- _EXERCISE DESCRIPTION_
Using the records below, copy exactly the part that opens with the line holding "Mongena Game Lodge - Hammanskraal - Bedroom" and closes with the line holding "New 2026 Vapor", minus the pictures.

- _RECORDS SHOWN_
- - - -
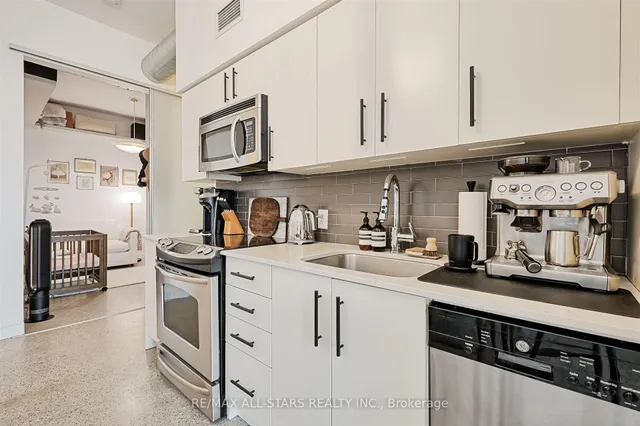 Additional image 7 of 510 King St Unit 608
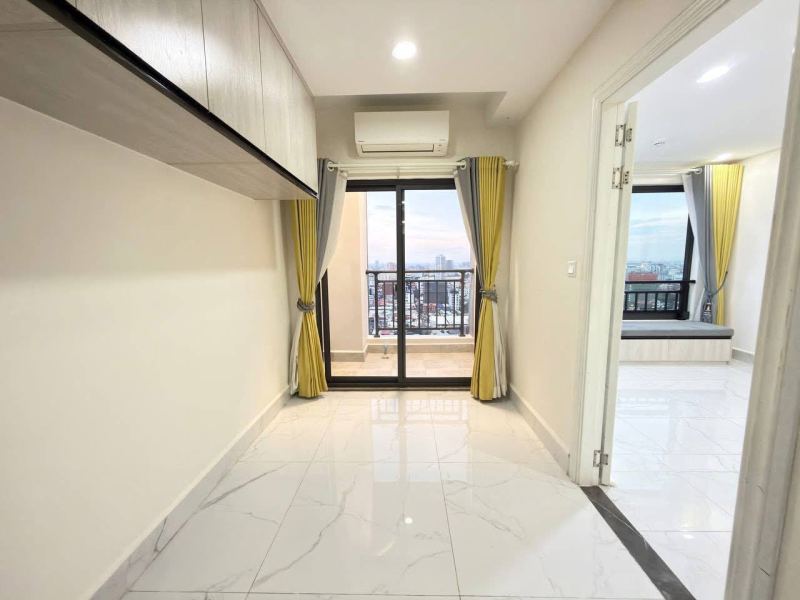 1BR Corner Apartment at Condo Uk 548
- - - -
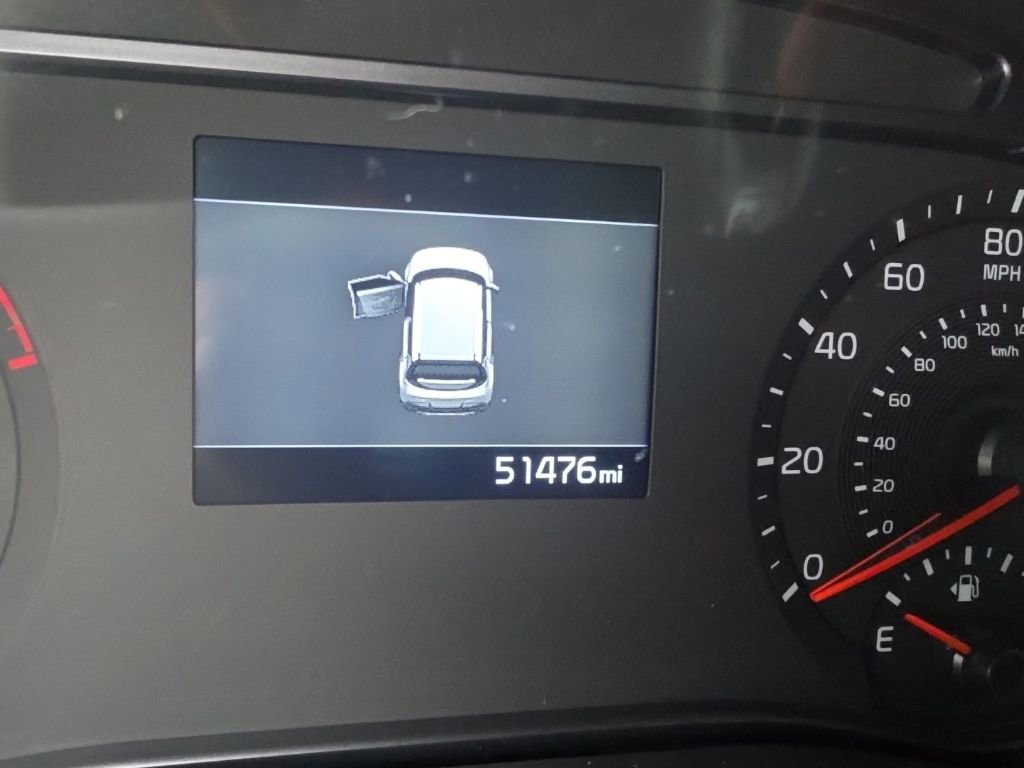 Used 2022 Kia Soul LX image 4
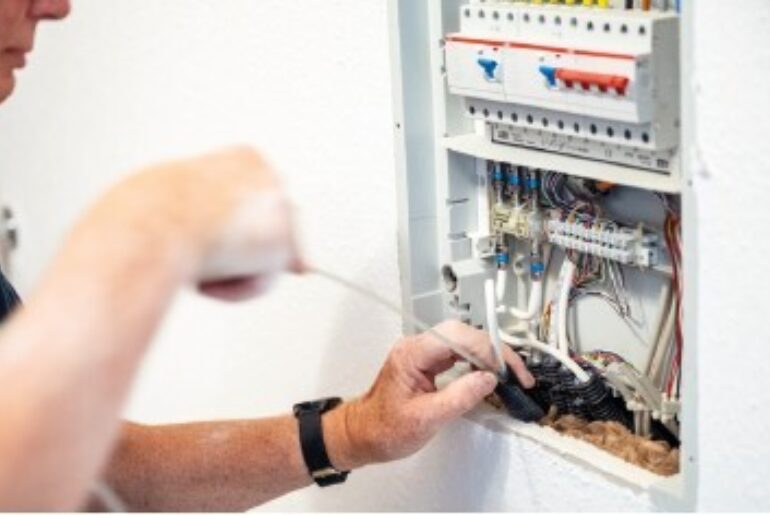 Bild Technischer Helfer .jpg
- - - -
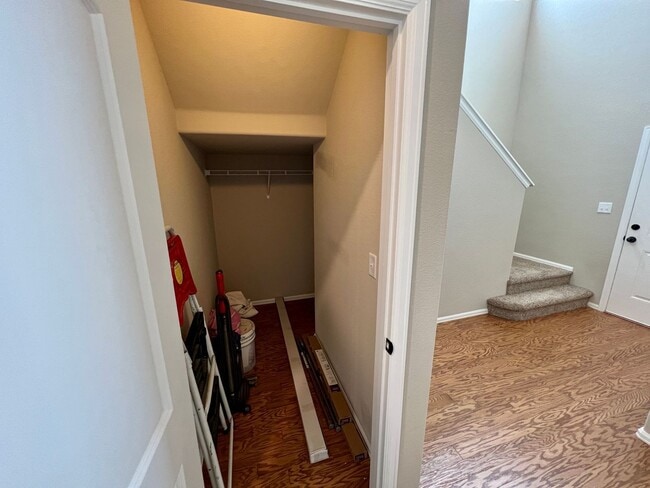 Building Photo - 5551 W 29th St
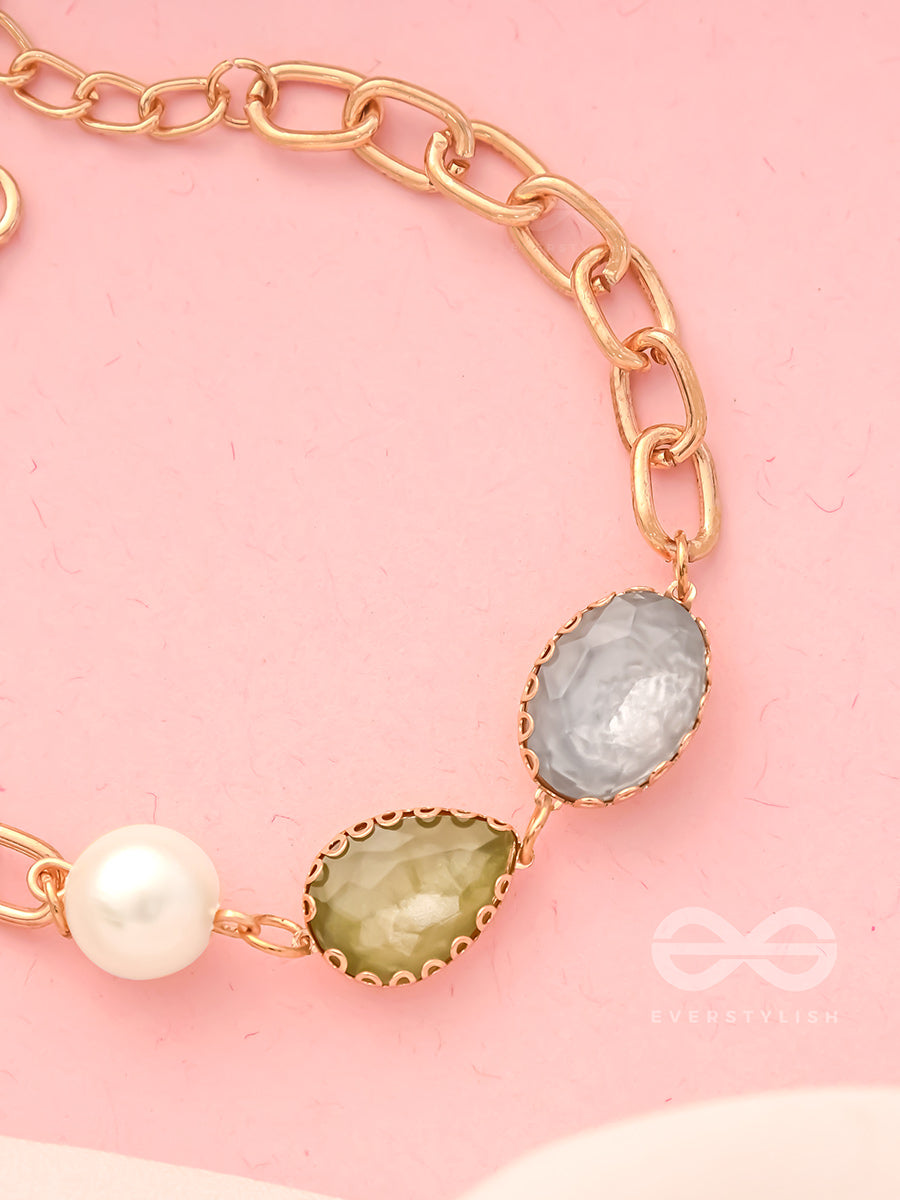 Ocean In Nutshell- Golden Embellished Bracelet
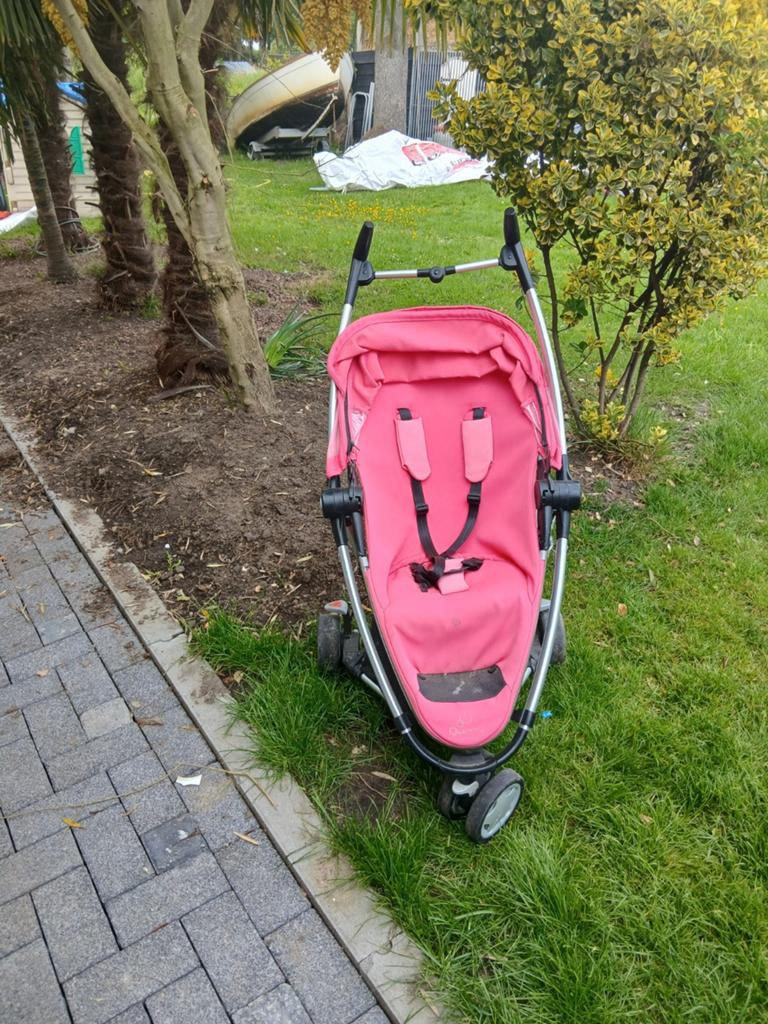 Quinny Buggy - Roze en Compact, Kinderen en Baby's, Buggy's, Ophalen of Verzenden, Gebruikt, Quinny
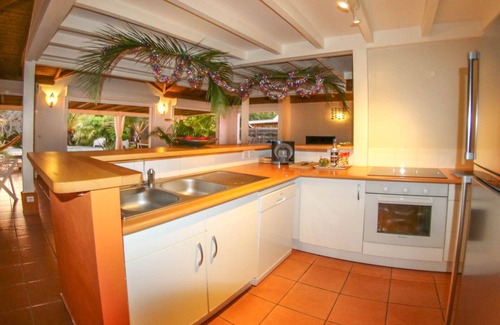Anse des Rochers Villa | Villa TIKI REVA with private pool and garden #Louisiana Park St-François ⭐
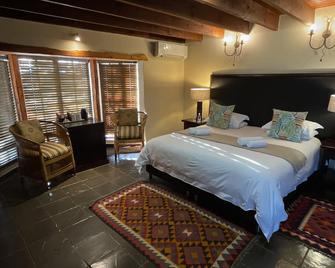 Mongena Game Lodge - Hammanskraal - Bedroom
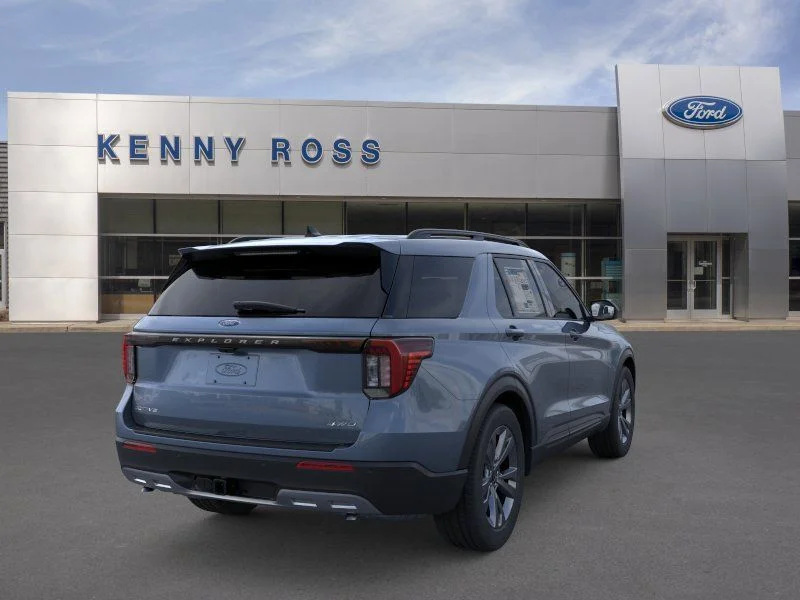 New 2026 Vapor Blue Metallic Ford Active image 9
- - - -
- _REPLY TO THE EXERCISE_
 Mongena Game Lodge - Hammanskraal - Bedroom
 New 2026 Vapor Blue Metallic Ford Active image 9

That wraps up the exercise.